Copy out the full listing exactly, omitting any picture it contains.

• Supplied information
- - - - -

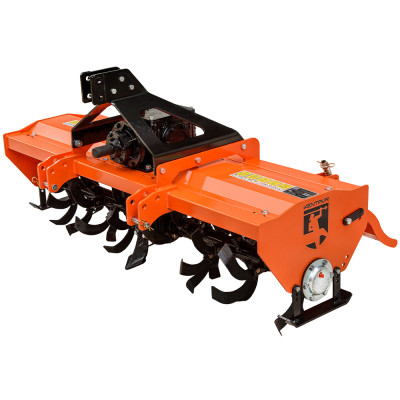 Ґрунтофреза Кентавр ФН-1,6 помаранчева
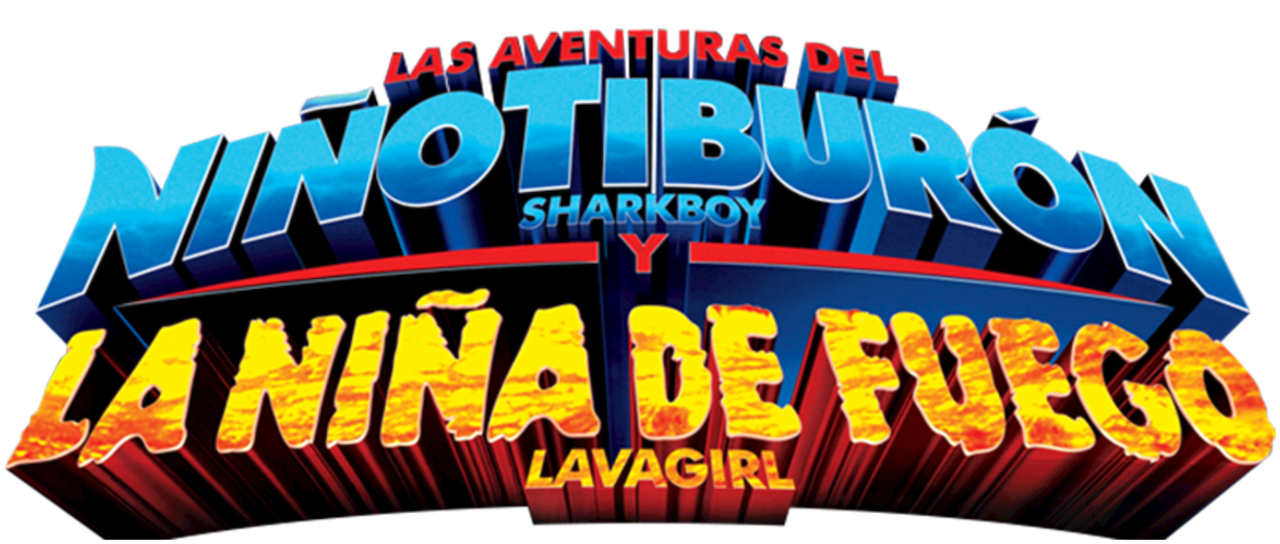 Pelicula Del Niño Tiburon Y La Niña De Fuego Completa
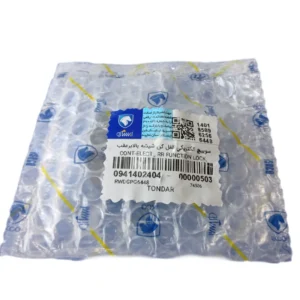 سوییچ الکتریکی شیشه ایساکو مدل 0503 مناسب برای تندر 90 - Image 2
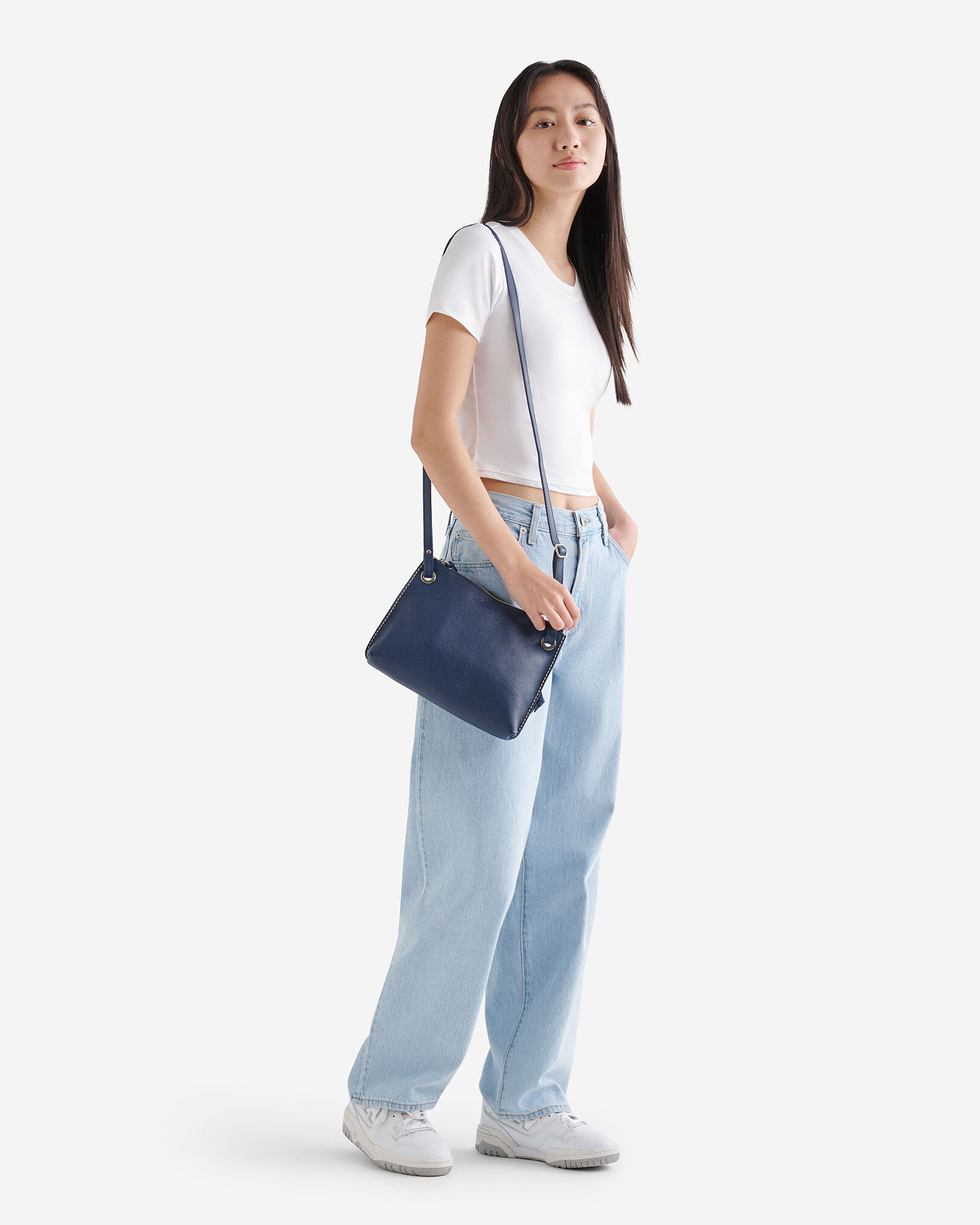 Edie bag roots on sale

- - - - -

• Solution for this exercise
 Ґрунтофреза Кентавр ФН-1,6 помаранчева
 Pelicula Del Niño Tiburon Y La Niña De Fuego Completa
 سوییچ الکتریکی شیشه ایساکو مدل 0503 مناسب برای تندر 90 - Image 2
 Edie bag roots on sale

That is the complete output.